Jane Campos – A Radici teve uma curva ascendente bastante interessante no Brasil. No começo, não foi muito fácil introduzir uma nova marca em um setor com dois players dominantes e reconhecidos. Nossa história começou a ganhar força entre 2008 e 2009. Em meio às dificuldades então geradas no plano geral pela crise financeira mundial e por uma variação cambial absurda, a Radici crescia aqui à média de 20% ao ano. O motivo foi o seu respeito pelo mercado. Por exemplo, sempre trabalhamos com dólar médio PTAX (nota: taxa do Banco Central indicadora do valor de uma moeda estrangeira perante o real) do mês anterior para nossos preços. Mantivemos essa conduta mesmo perdendo dinheiro, enquanto os concorrentes praticavam transações com base no dólar do dia. Não foi uma estratégia de caso pensado; simplesmente somos assim, prezamos o mercado e os clientes. Hoje em dia, 90% das nossas vendas destinam-se ao consumo interno e 10% ao restante da América do Sul.
Como reparte hoje suas vendas por segmentos?
Jane Campos – Nosso faturamento tem predomínio do segmento automotivo, seguido das indústrias de eletroeletrônicos e eletrodomésticos. O automotivo segue sofrendo enquanto os demais começam a deslanchar.
Quais os desenvolvimentos de produtos e aplicações que considera marcantes na trajetória de 25 anos da Radici Brasil?
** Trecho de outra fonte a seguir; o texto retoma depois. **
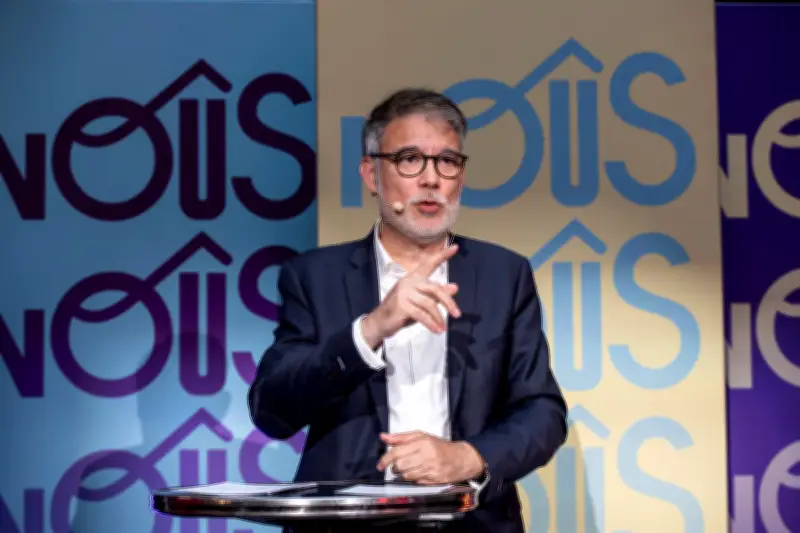 Soirée hors-sol : le nouveau think tank du PS dévoile ses ambitions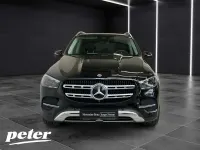 Gebraucht Mercedes GLE350 Advanced 197 PS (144 kW) 2025 Metalliclack obsidianschwarz SUV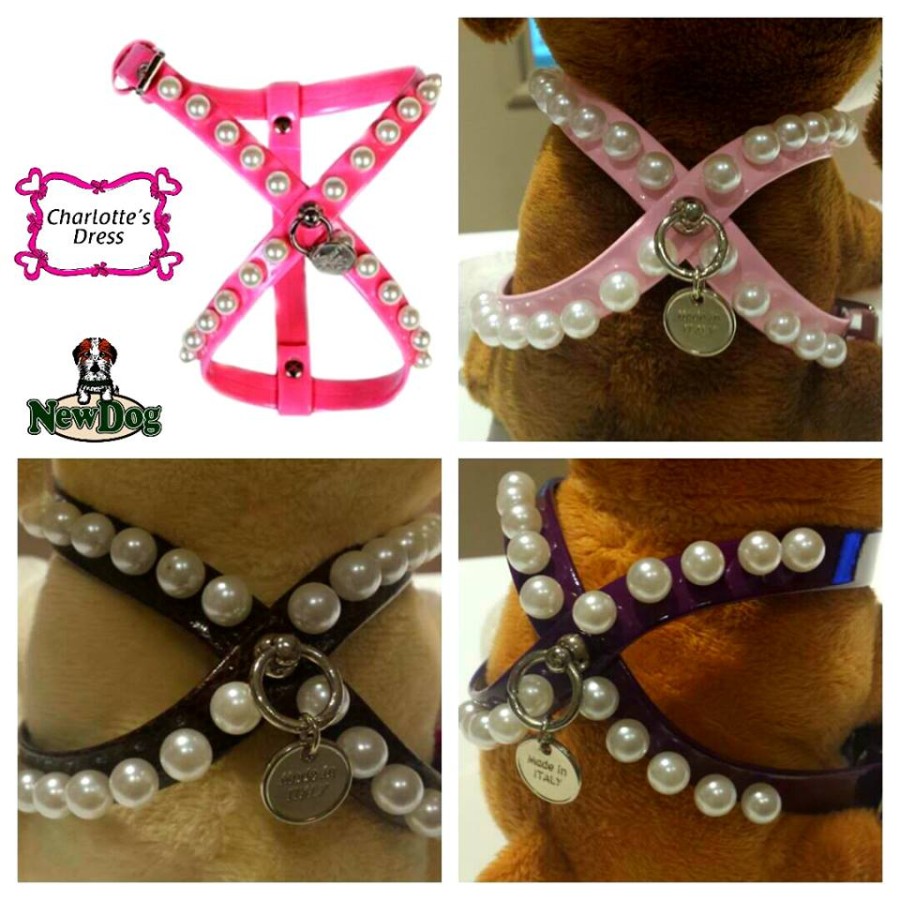 Pettorine con Perle Charlotte’s Dress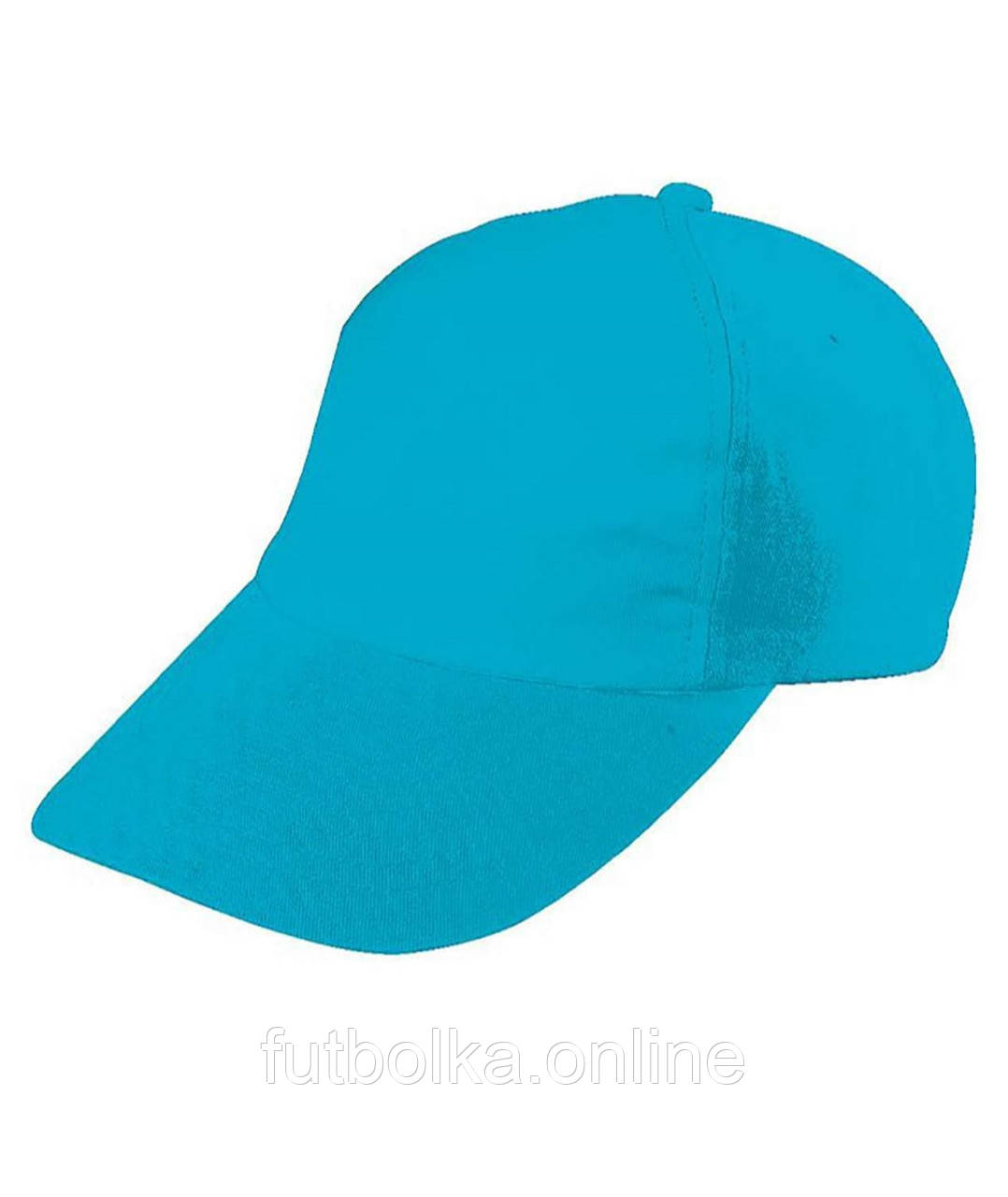 Бірюзова дитяча кепка для дівчинки легка №701/1 Myrtle Beach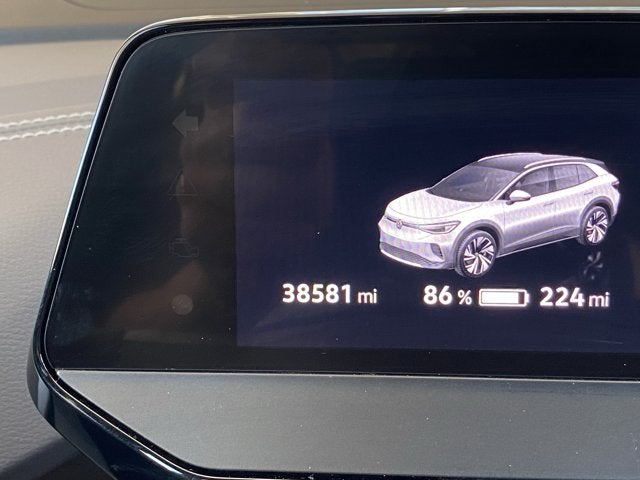 2023 Volkswagen ID.4 Pro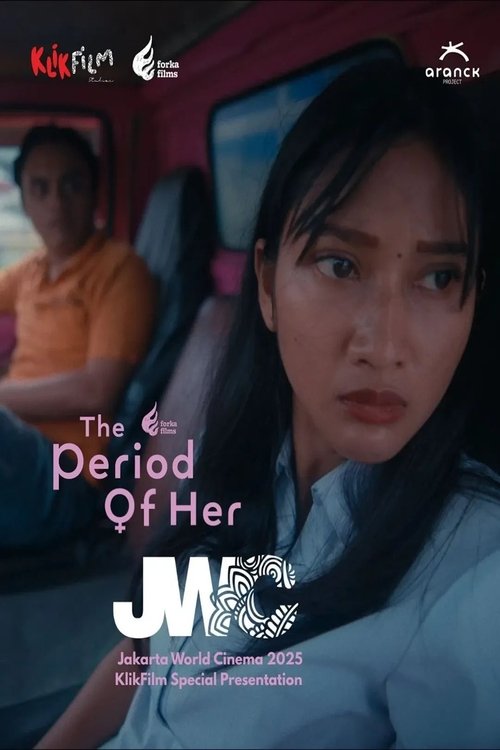 The Period of Her Poster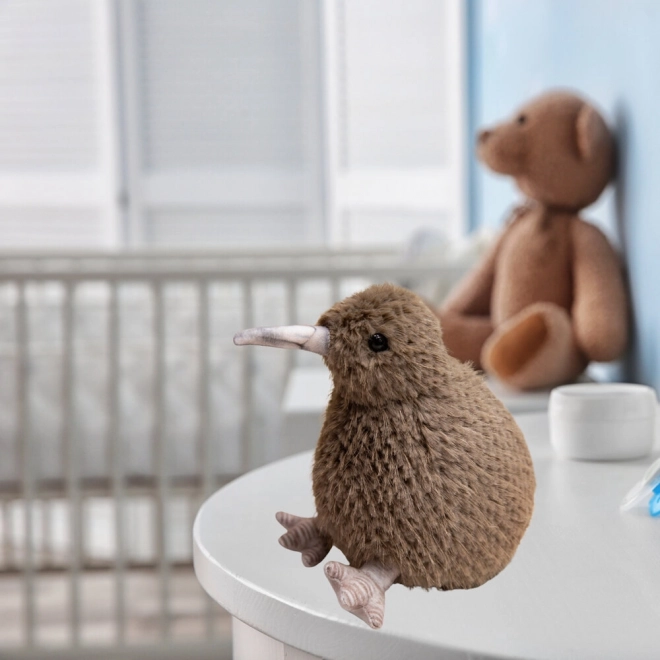 Pluchen Kiwi Vogel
Ricardo Silva – Aí vão alguns pontos altos em separado:
- Bombas para piscinas – nosso primeiro desenvolvimento para substituição de metal.
- Braços de articulação e suporte de fixação dos assentos de estádios para a Copa de 2014 – desenvolvemos um produto sob medida, de acordo com norma ABNT, com especificação antichama e estabilização a degradação aos raios UV. Fornecemos o composto para 90% dos estádios construídos e reformados para aquele Mundial. Apenas em testes de resistência às intempéries, a homologação do material consumiu dois anos. Saímos na frente da concorrência e, quando as obras nos estádios iniciaram, já tínhamos os produtos aprovados.
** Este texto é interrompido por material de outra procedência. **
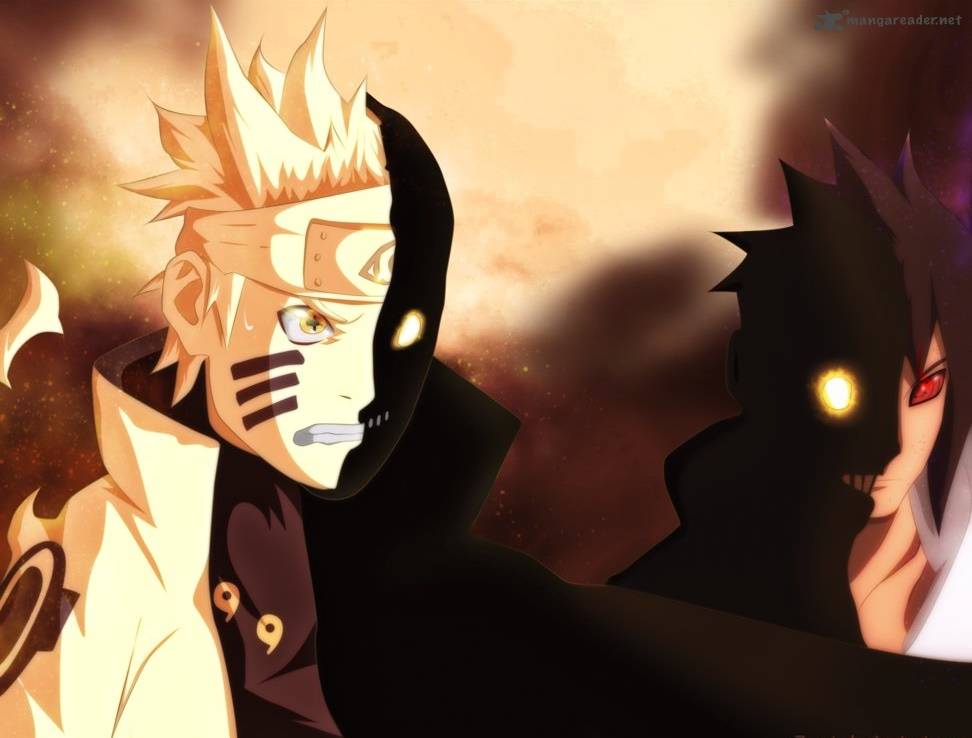 Naruto Chapter 684 - Page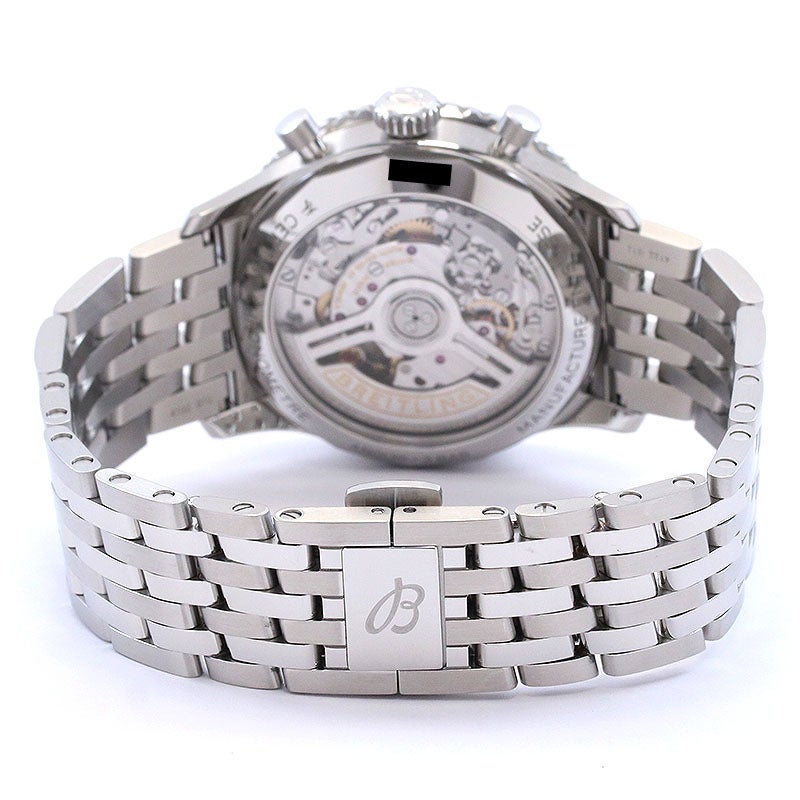 【中古】BREITLING NAVITIMER B01 CHRONOGRAPH 41 JAPAN EDITION ブライトリング ナビタイマー B01 クロノグラフ 41 ジャパン・エディション AB0139211A1A1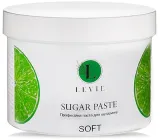 Професійна паста для шугарингу "Лайм" - Levie Sugar Paste Soft 700g (1197293-135748)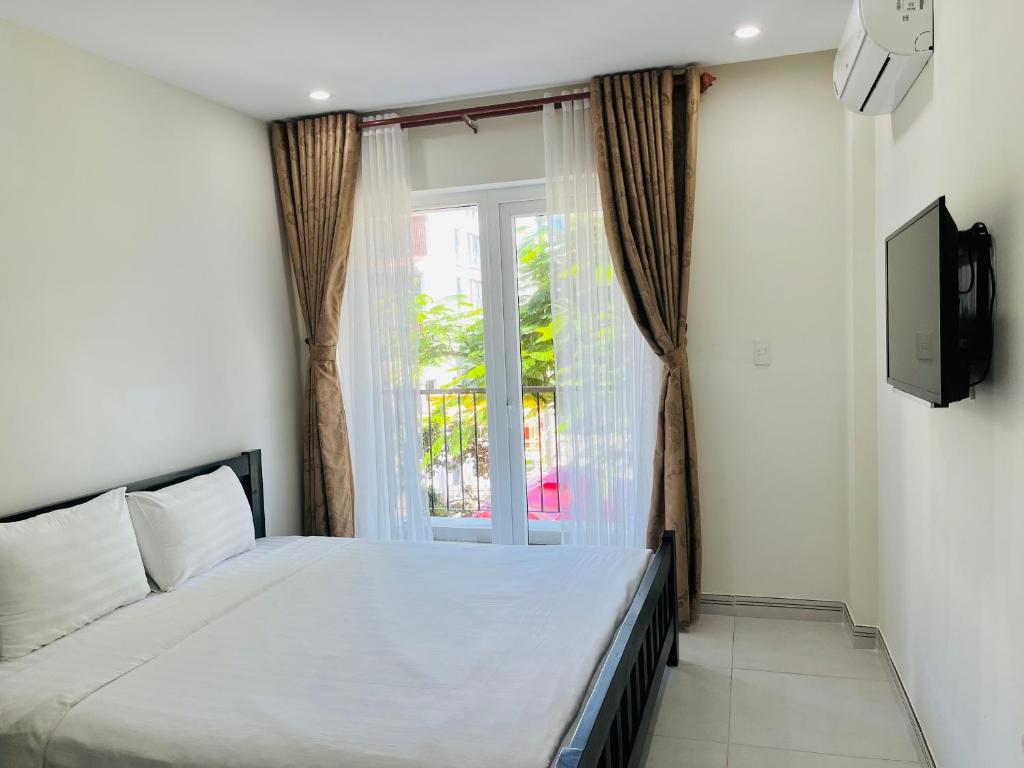 Kosmos Phu Quoc Apart Hotel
- Eletrodomésticos – substituição de baquelite (termofixo) por material de engenharia, uma troca até hoje geradora de receita interessante.
Quais os principais materiais do portfólio internacional da Radici agendados para estrear em breve na produção em Araçariguama?
Luis Baruque -Temos muitas perspectivas para compostos com fibra de carbono e a linha Mixloy, formada por blends de PA/ABS, PA/PE e PA/PP de alta performance em propriedades como as tribológicas, acabamento e resistências térmica e mecânica. Destacam-se também a estabilidade dimensional, processamento simplificado e baixas densidade, permeabilidade (alta barreira) e absorção de água. A linha Mixloy é indicada para autopeças internas, externas e do compartimento do motor.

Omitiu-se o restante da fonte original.